Whilst we were all enjoying the Christmas break, the passing of the downsizer superannuation contribution (DSC) legislation occurred. So what is this additional form of contribution and what are the specific criteria that is required to be met?
What is it?
Effective 1 July 2018, a member will be able to contribute the proceeds of downsizing into superannuation. As stated by the ATO this measure is part of a package of reforms to reduce pressure on housing affordability in Australia. It applies to the sale of a members dwelling, which was the main residence and where the exchange of the contracts occurs on or after 1 July 2018. If the member is 65 years old or over, and satisfied the eligibility criteria, up to $300,000 per person can be contributed into superannuation from the sale proceeds of downsizing.
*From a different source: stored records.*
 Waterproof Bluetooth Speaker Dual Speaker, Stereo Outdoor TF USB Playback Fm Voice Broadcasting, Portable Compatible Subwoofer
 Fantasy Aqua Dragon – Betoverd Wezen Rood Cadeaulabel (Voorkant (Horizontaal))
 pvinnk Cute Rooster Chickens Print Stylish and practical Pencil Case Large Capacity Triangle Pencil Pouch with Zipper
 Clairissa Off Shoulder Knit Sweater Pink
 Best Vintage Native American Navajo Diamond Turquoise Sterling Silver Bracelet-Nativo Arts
Therefore, a married couple could contribute up to $600,000 into their superannuation interests. It is important to note that, the downsizer contribution is not counted towards the member’s contribution cap or is affected by the total superannuation balance test in the year that the member makes it.
However, it does count towards the members Total Superannuation Balance and Transfer Balance Cap (currently $1.6 million). It will also affect the member’s eligibility for the age pension.
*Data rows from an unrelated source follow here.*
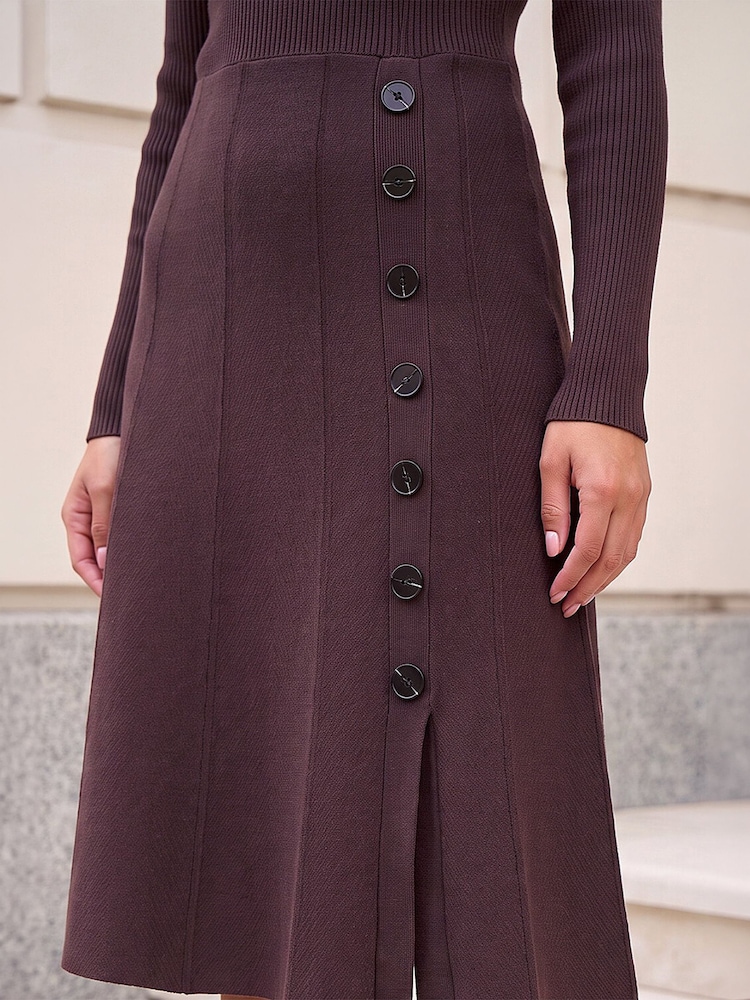 Roman Brown Button Detail Knitted Dress - Image 4 of 4 Roman Brown Button Detail Knitted Dress - Image 4 of 4
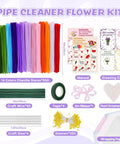 900 Piece Pipe Cleaners Craft Kit With 14 Colors, Floral Stems, Glue Sticks, Floral Tape, Stamens, Pearls, Wrapping Paper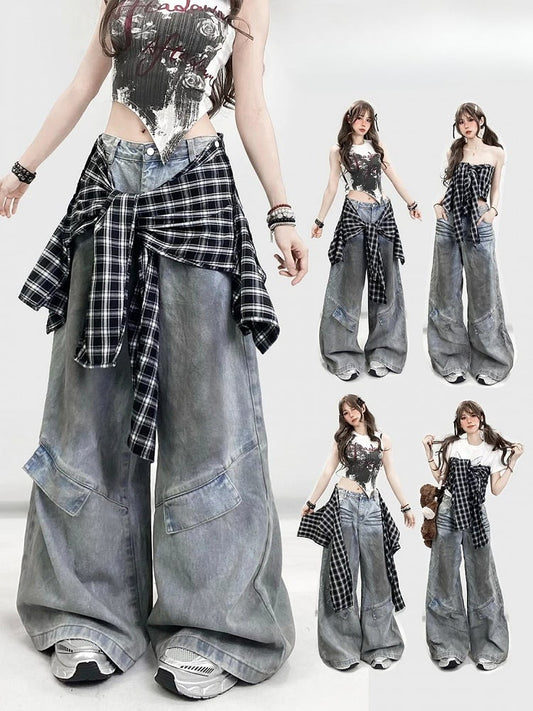 Weites Bein mit blauer Bittersüß-Jeans, schwarz-weiß kariertes Muster, Zubehörschnitt, abnehmbar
Tip: A member is only allowed to make a downsizer contribution in relation to the sale of one home only and not required to purchase another home as part of the eligibility requirements. Also, the contribution amount cannot be greater than the total proceeds of the sale of the dwelling.
What are the eligibility requirements?
The following conditions need to be satisfied by the member at the time of contribution:
- 65 years old or over. There is no maximum age limit nor is a work test required;
- The contribution amount is from the proceeds of sale of a qualified dwelling, where the contract of sale was exchanged on or after 1 July 2018;
- The dwelling was owned by the member and member’s spouse for 10 years or more prior to sale. Flexibility in circumstances are available under this rule;
- The proceeds (capital gain or loss) from the sale of the dwelling are either exempt or partially exempt from capital gains tax (CGT) under the main residence exemption, or would be entitled to such an exemption if the dwelling was a CGT rather than a pre-CGT (acquired before 20 September 1985) asset.
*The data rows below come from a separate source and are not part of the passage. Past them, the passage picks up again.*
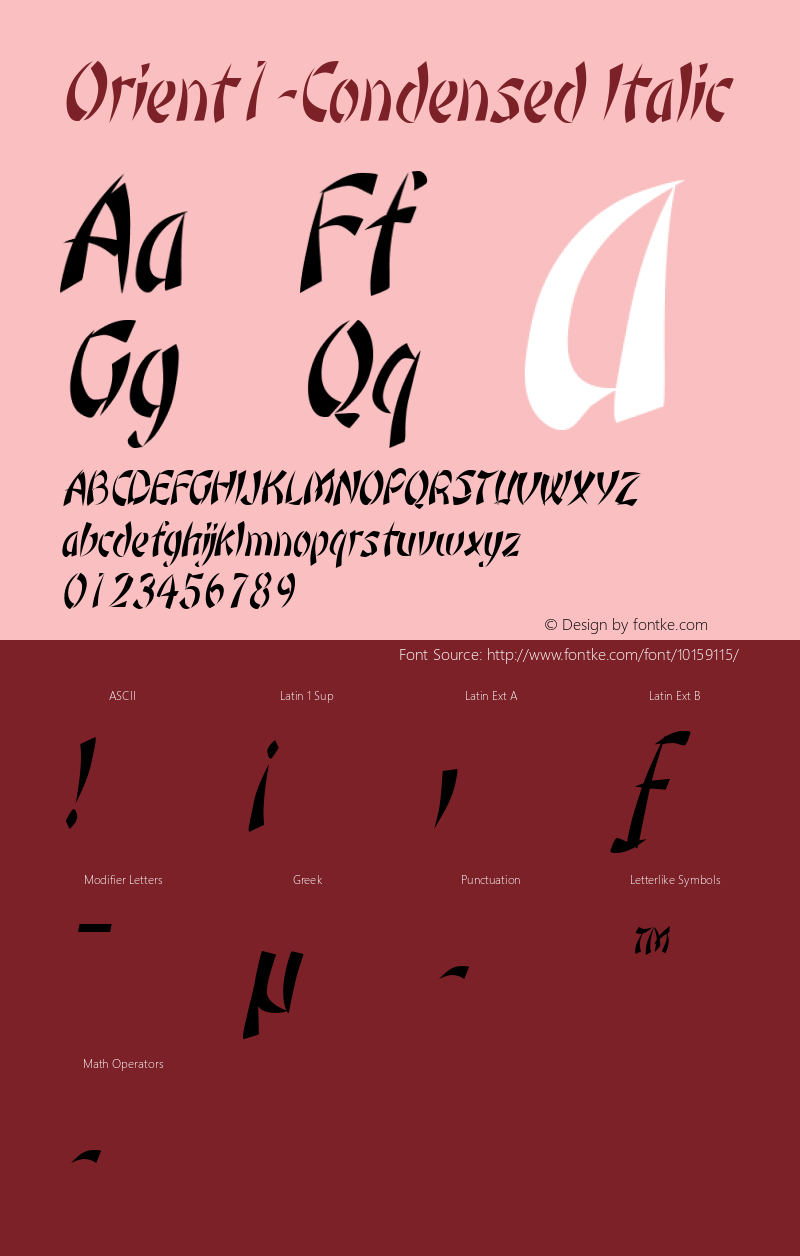 Orient1-Condensed Italic 1.0/1995: 2.0/2001图片样张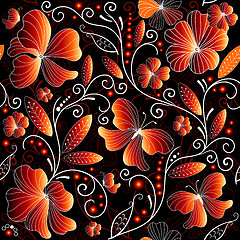 Image showing Seamless floral dark pattern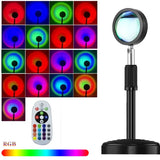 Sunset Lamp RGB 16 цветов - проекционный светильник заката, рассвета с пультом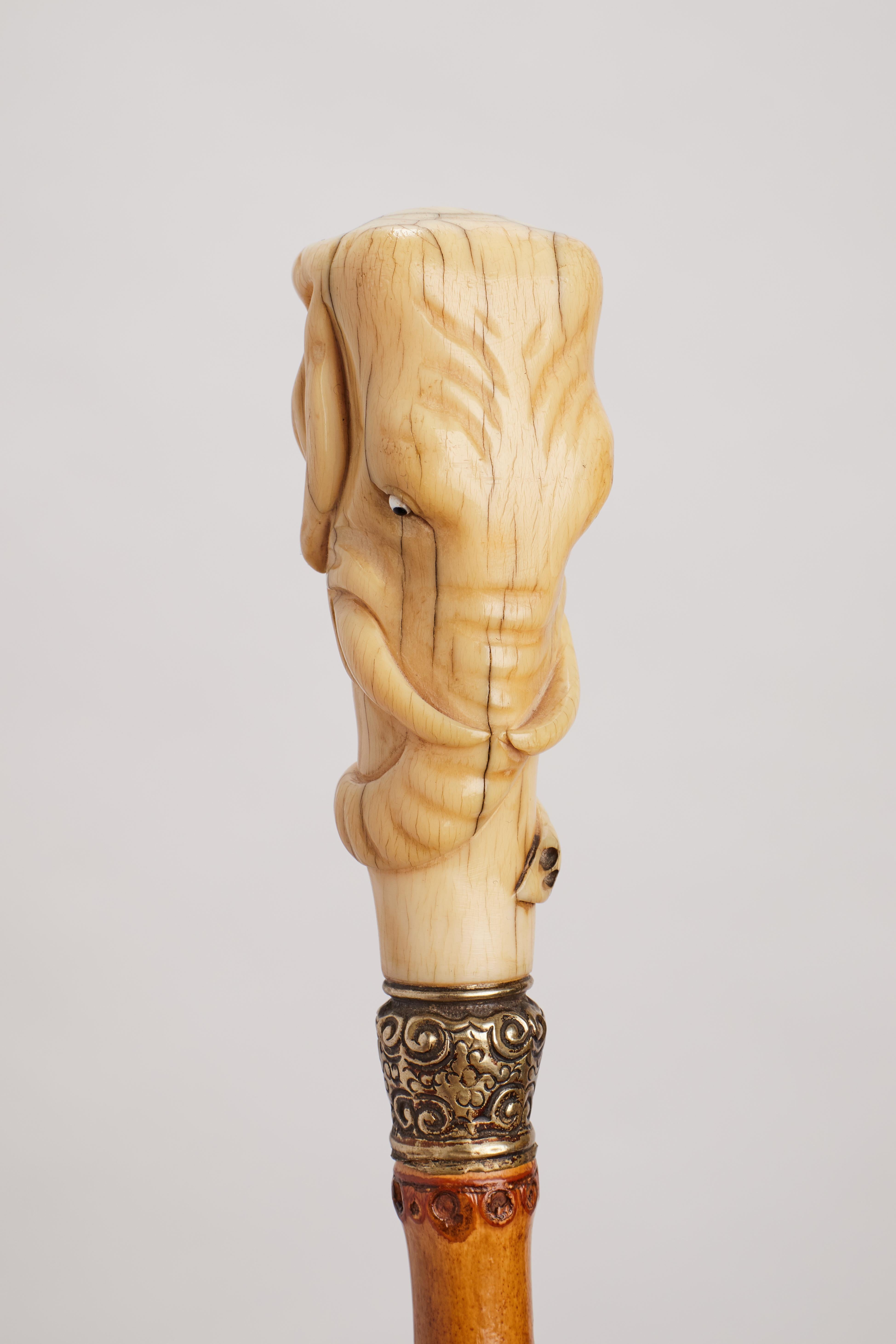 British Elephant ivory head’s handle walking stick, UK 1880.  For Sale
- The super fund that is to receive the contribution, has received the relevant downsizer contribution form before or at the time of contribution;
- The downsizer contribution is made within 90 days of receiving the proceeds of sale (i.e. from date of settlement) or such longer time as the Commissioner allows;
- Member has not previously made a downsizer contribution to his/her super fund from the sale of another dwelling.
If you are considering using this new option to boost your superannuation balance you should first seek financial advice regarding the following.
- How the contribution will affect any government aged pensions or concessions you are currently receiving.
- The benefits of making the contribution to super vs keeping the money outside of super
- Ensure your superannuation fund will accept such contribution and if you operate a Self Managed Fund that your trust deed allows your fund to accept such contributions.